Available data

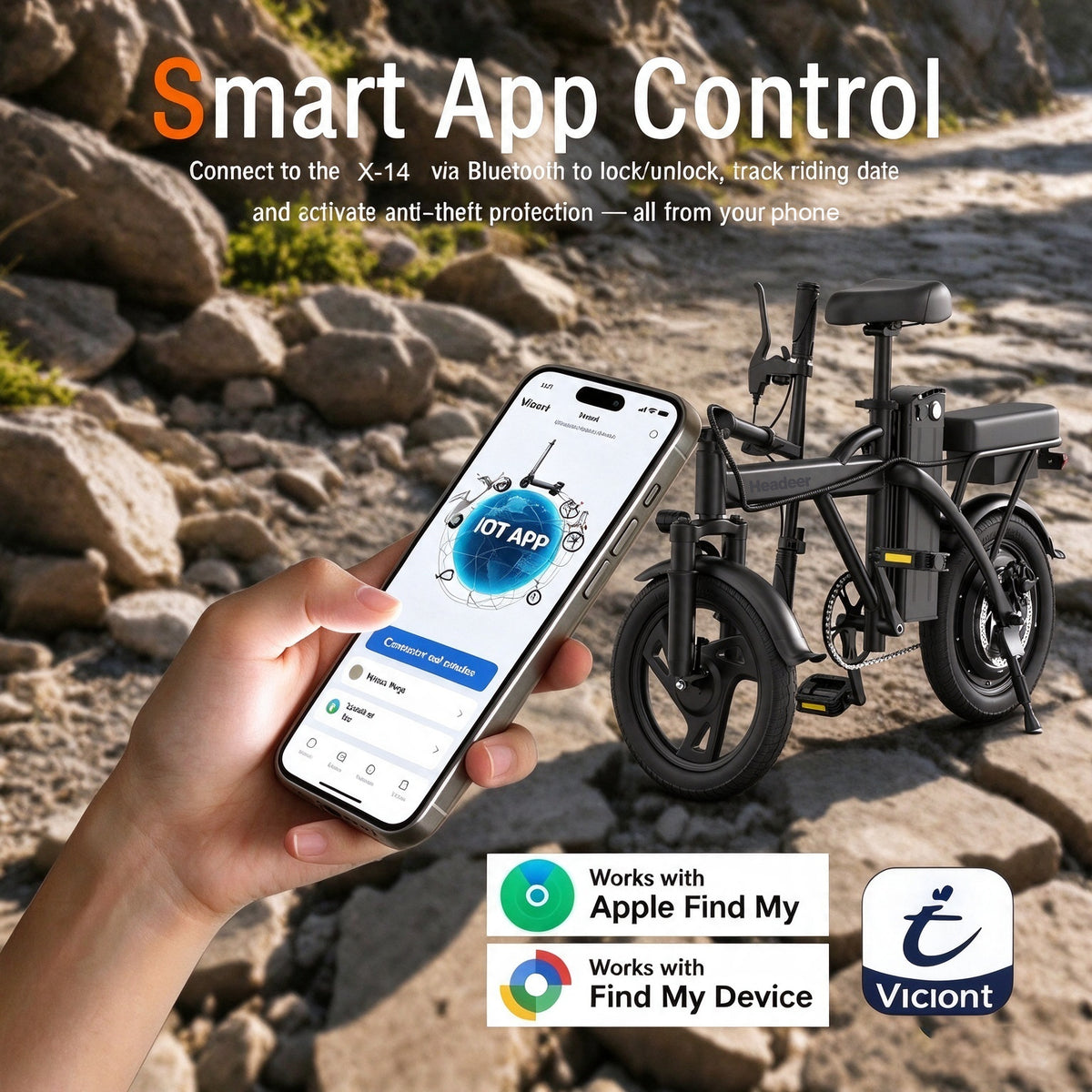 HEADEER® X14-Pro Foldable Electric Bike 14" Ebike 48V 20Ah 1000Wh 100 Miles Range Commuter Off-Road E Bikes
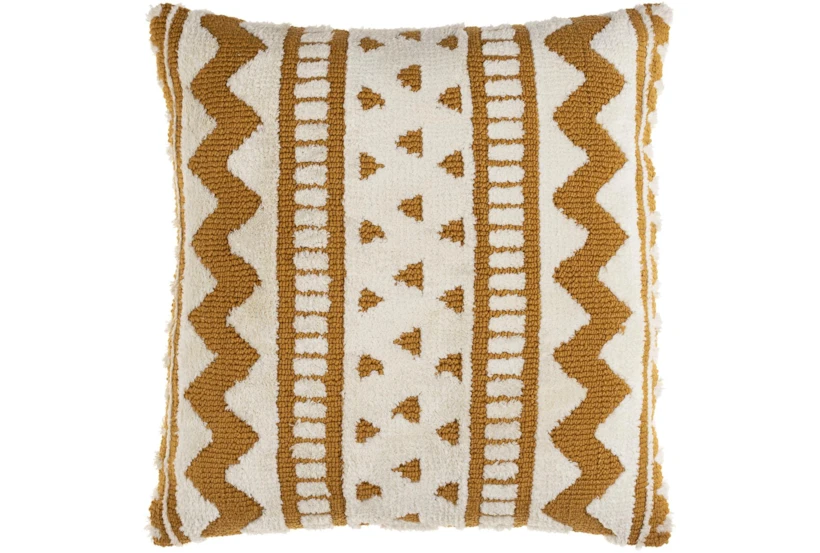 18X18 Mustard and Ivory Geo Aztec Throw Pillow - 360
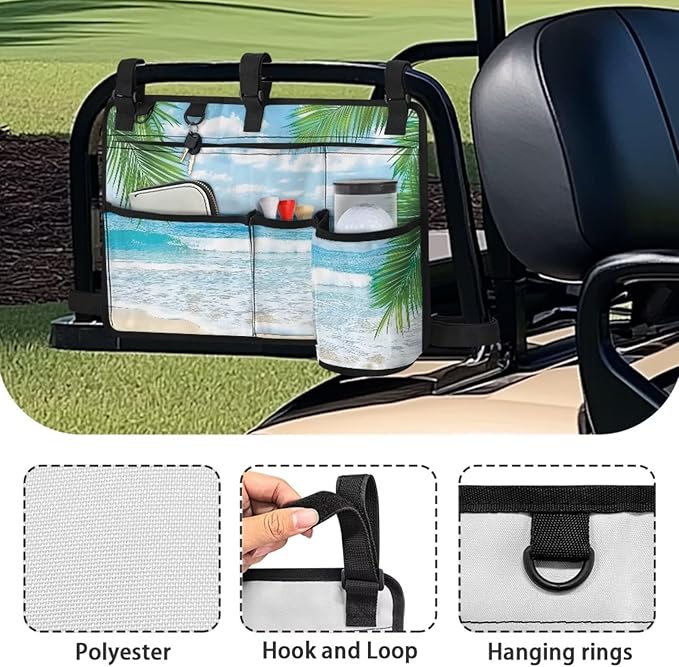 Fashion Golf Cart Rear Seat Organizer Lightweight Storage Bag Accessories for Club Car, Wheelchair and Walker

What you should do
Give back the material above exactly, without pictures.

Answer space
 HEADEER® X14-Pro Foldable Electric Bike 14" Ebike 48V 20Ah 1000Wh 100 Miles Range Commuter Off-Road E Bikes
 18X18 Mustard and Ivory Geo Aztec Throw Pillow - 360
 Fashion Golf Cart Rear Seat Organizer Lightweight Storage Bag Accessories for Club Car, Wheelchair and Walker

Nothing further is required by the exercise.